Une première proposition consisterait à « faire évoluer les professionnels de santé, par leur formation sur la relation soignant / soigné » ([55]) comme le suggère ATD Quart monde.

La loi du 24 juillet 2019 relative à l'organisation et à la transformation du système de santé procède à une refonte globale des études de santé, particulièrement les études des futurs médecins. Animé par la volonté de former des professionnels à la tête bien faite plutôt qu’à la tête bien pleine, le Gouvernement a l’ambition de revoir les maquettes de formation. Il pourrait être opportun d’adapter les modules de formation en tenant compte des situations de précarité.
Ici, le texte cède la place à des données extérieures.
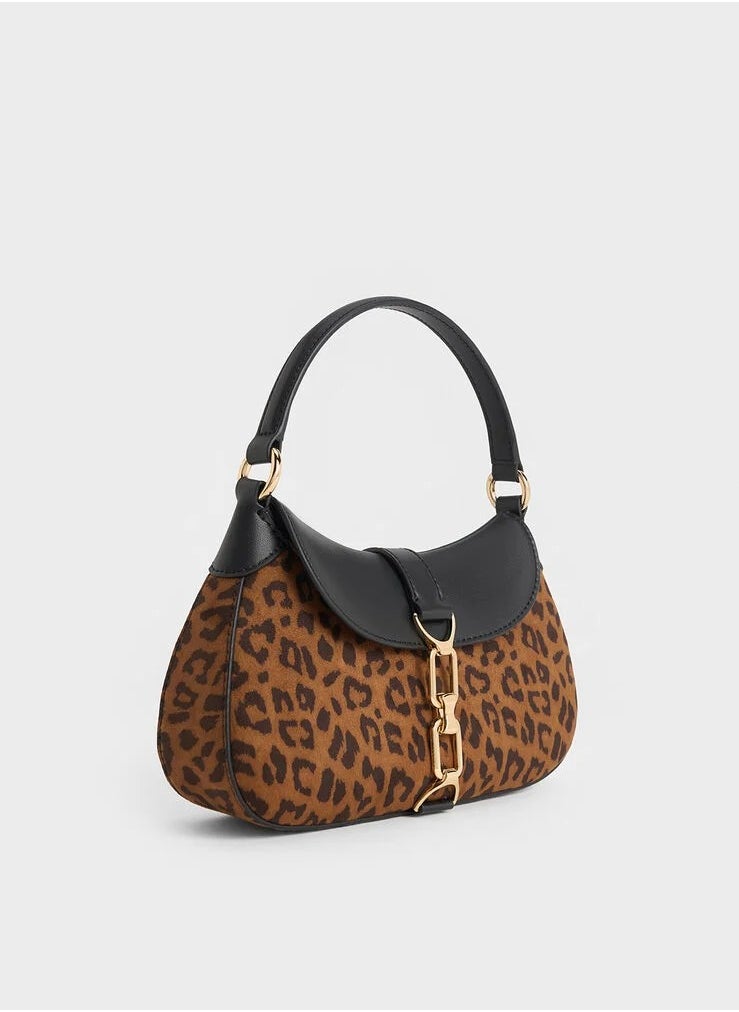 Charles & Keith CHARLES & KEITH Agatha Leopard-Print Chain-Accent Hobo Bag - Multi  - Image 3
La DGOS a indiqué aux rapporteurs que « la formation actuelle des futurs professionnels de santé comprend d’ores et déjà des enseignements aux problématiques de la prise en charge d’un patient en situation de précarité » :

– s’agissant de la formation initiale des médecins, « le régime des études de médecine des premier et deuxième cycles comprend d’ores et déjà des unités d’enseignements dédiées à la précarité d’un patient. Ainsi, les étudiants de premier et de deuxième cycle sont formés à l’identification des facteurs de risque et à l’évaluation d’une situation, à l’identification des différents types et niveaux de précarité, aux morbidités et leurs particularités les plus fréquemment rencontrées ainsi qu’à l’évaluation de la situation médicale, psychologique et sociale d’un patient en situation de précarité et à la mise en place de dispositifs médico-sociaux adaptés ». Par ailleurs, la DGOS souligne que « la réforme du deuxième cycle des études de médecine qui s’appliquera aux étudiants entrant dans le deuxième cycle à compter de la rentrée universitaire 2020 n’entend pas revenir sur cet enseignement qui participe de la prise en charge globale et de qualité d’un patient » ;

– s’agissant du troisième cycle des études de médecine, la DGOS estime que les étudiants « sont également en capacité, dès leur première année d’internat, de prendre en charge un patient dans sa globalité » et indique que « certaines maquettes de formation des DES lient la prévention, le dépistage et la prise en charge d’un patient à ses conditions socio-économiques, à l’âge ou encore au handicap (ex : DES d’endocrinologie-diabétologie-nutrition) ».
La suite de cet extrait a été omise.